The scientists have fabricated a network of interconnected zinc oxide nano-tetrapods as a bridge between electrodes on a chip by a new single step flame transport synthesis process: In a simple oven or airbrush gun-type burner it only needs high temperature to convert zinc microparticles into nano-micro tetrapods. This process takes place in normal air environment and the necessary amount of oxygen is regulated by the flame itself. “This burner-flame transport synthesis method allows us to grow the zinc oxide nano-microstructures directly on the chip – and that only takes a few seconds, it is just a matter of driving the chip through the flame while the nano tetrapods assemble themselves onto it!” Mishra is excited to report. The high temperature of the flame ensures contacts of good quality between chip and the nanostructures, which is highly desirable for a better performance of the device.

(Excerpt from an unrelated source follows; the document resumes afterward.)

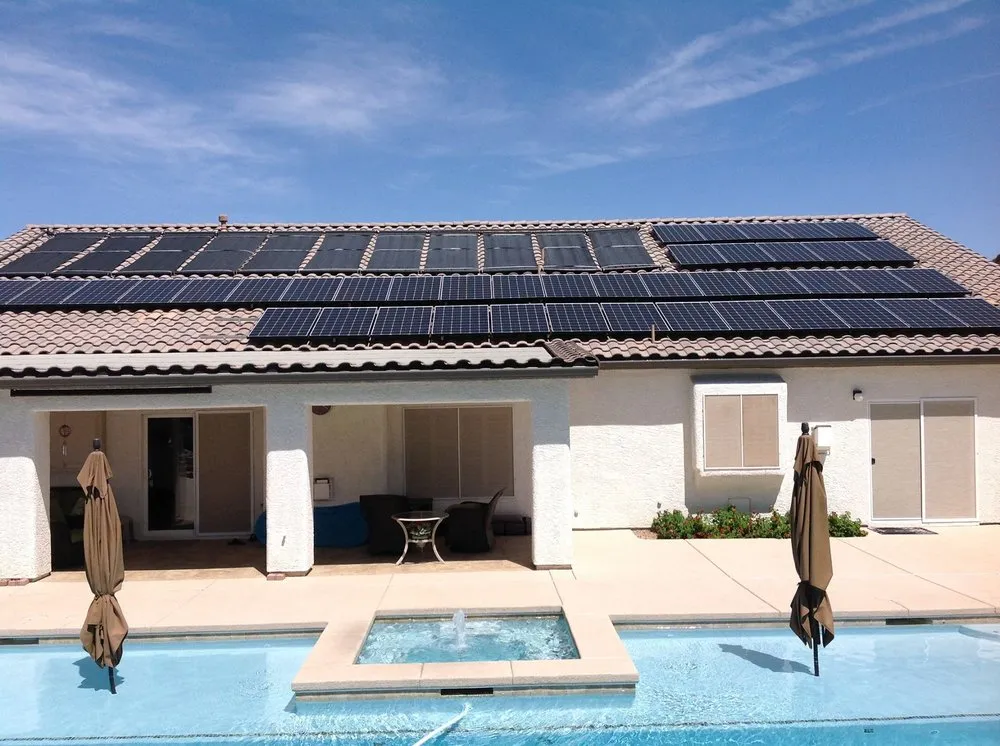 Slide of Allegiant Electric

The result: the sensor produced by the Kiel University scientists reacts to UV light within milliseconds of its exposure. Additionally, it also works in rather rough environments. These simple and inexpensive manufacturing conditions as well as the usage of pure zinc microparticles make this production method at the laboratories at Kiel University highly attractive for manufacturing companies. “We already had regional companies inquiring about our work. It shows that our basic research can be transferred into concrete applications”, Professor Rainer Adelung, head of the research team, explains. The next logical step for the material scientists is therefore to find the ways to produce these nano-tetrapods on a larger scale.
One curious fact: Zinc oxide nanostructures started their career as waste from conventional VLS growth experiments for zinc oxide. One day, Yogendra Mishra examined the crystals that looked like artificial snow under the microscope: “Their particular intertwining structure and their ability to detect light implied an enormous potential”, says the scientist, who was holding a fellowship from the Alexander von Humboldt Foundation while developing the new method in the years following this discovery.